The Space Elevator Will Be Built About 50 Years After Everyone Stops Laughing

Arthur C. Clarke? Arthur Kantrowitz? Apocryphal?

Dear Quote Investigator: Science fiction luminary Arthur C. Clarke described the audacious idea of building an elevator from the surface of the Earth straight up into space and beyond geostationary orbit in his 1979 novel “The Fountains of Paradise”. The megaproject would require extremely strong lightweight material, and some engineers and scientists have questioned its feasibility. Clarke puckishly said that the space elevator would be built a few decades after people stopped laughing. Would you please help me to find a citation?

Quote Investigator: In 1979 Arthur C. Clarke addressed the 30th International Astronautical Congress and surveyed the concept of a “space elevator” which has also been called an “orbital tower” or “heavenly ladder”: 1

What I want to talk about today is a space transportation system so outrageous that many of you may consider it not even science-fiction, but pure fantasy. Perhaps it is; only the future will tell. Yet even if it is regarded as no more than a ‘thought-experiment’, it is one of the most fascinating and stimulating ideas in the history of astronautics.

Apparently, Clarke’s vivid quotation was modeled after an earlier remark made by Arthur Kantrowitz who was an influential proponent of an innovative idea for space transportation called laser propulsion. Clarke speculated about the time needed to develop the space elevator:

And when will we have that? I wouldn’t like to hazard a guess, so I’ll adapt the reply that Arthur Kantrowitz gave, when someone asked a similar question about his laser propulsion system:

The Space Elevator will be built about 50 years after everyone stops laughing.

QI has not yet located the earlier comment by Kantrowitz about laser propulsion.

There is some evidence that Clarke later endorsed a shorter time as indicated in the selected citations in chronological order listed below.




In 1984 Clarke published “Ascent to Orbit”, a collection of his technical writings. The quotation above was included in an article titled “The Space Elevator: ‘Thought Experiment’, or Key to the Universe?” 2

In 1985 “The Atlantic Monthly” printed an article titled “Business in Space” by David Osborne that included the quotation: 3

It could carry people to facilities in geosynchronous orbit without the enormous expense of energy entailed by, say, a moon launch. Or, acting as a kind of sling, it could hurl space vehicles beyond the reach of gravity for long voyages. Clarke predicts that the space elevator will be built “about fifty years after everyone stops laughing.”

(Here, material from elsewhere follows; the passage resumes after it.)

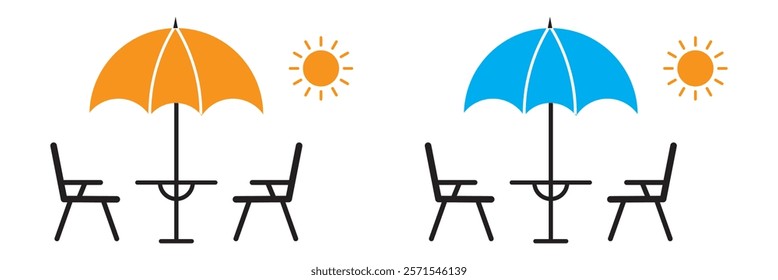  Editable outdoor seat vector icon. Cafe, coffee shop, restaurant, drink, beverages. Part of a big icon set family. Perfect for web and app interfaces, presentations, infographics, etc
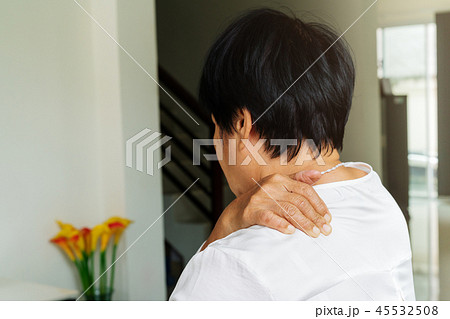 neck and shoulder pain, old woman suffering 45532508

In 1999, just before the new millennium, Scot Lehigh, a journalist with the “Boston Globe”, wrote about a collection of futuristic predictions such as fusion power, maglev trains, moon colonies, and a space elevator: 4

That was a nostrum Clarke tried to popularize in the 1970s and ’80s. “Clearly, if a satellite can remain poised forever above the same spot on the equator, then, in principle, it should be possible to lower a cable from orbit to Earth, performing an Indian rope trick 36,000 kilometers high,” he wrote. Cagily vague on the time line, he said it would happen “50 years after everyone stops laughing.”

In 2003 Clarke and his co-author Stephen Baxter published the novel “Time’s Eye”. The 2005 reprint edition included an interview with the two authors during which Clarke updated his quotation and changed the number of years from fifty to fifteen: 5

Q: Sir Arthur, the New York Times recently ran a long article about an idea near and dear to your heart: the space elevator. When do you think we’ll see this dream, the subject of your 1980 Hugo Award-winning novel The Fountains of Paradise, become a reality?

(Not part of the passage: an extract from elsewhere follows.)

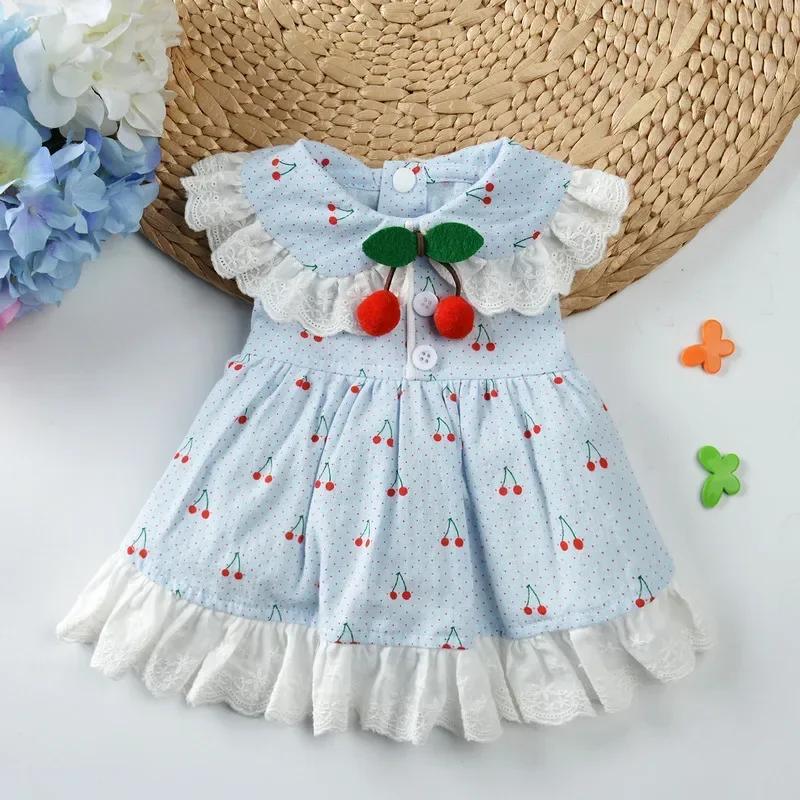 

Small Dog Pets Clothes Summer Dog Dress Cute Cherry Puppy Skirt Tutu Yorkshire Bichon Poodle Pomeranian Schnauzer Pet Clothing XS（old） синій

AC: About fifteen years after everyone stops laughing!

Clarke died in March 2008, and in July 2008 “The Independent on Sunday” based in London printed a piece about his posthumous book “The Last Theorem”: 6

The novel outlines a plot by aliens to invade Earth; an astronomy student’s obsession with Fermat’s last theorem; a UN bombing campaign; and another of Clarke’s predictions – space elevators. The concept involves a huge cable connecting the Earth to orbital altitude, along which elevators can be launched using electromagnetic vehicles.

“I’m often asked when I think the space elevator will be built,” Clarke said in his last interview. “My answer is about 10 years, when everyone stops laughing.”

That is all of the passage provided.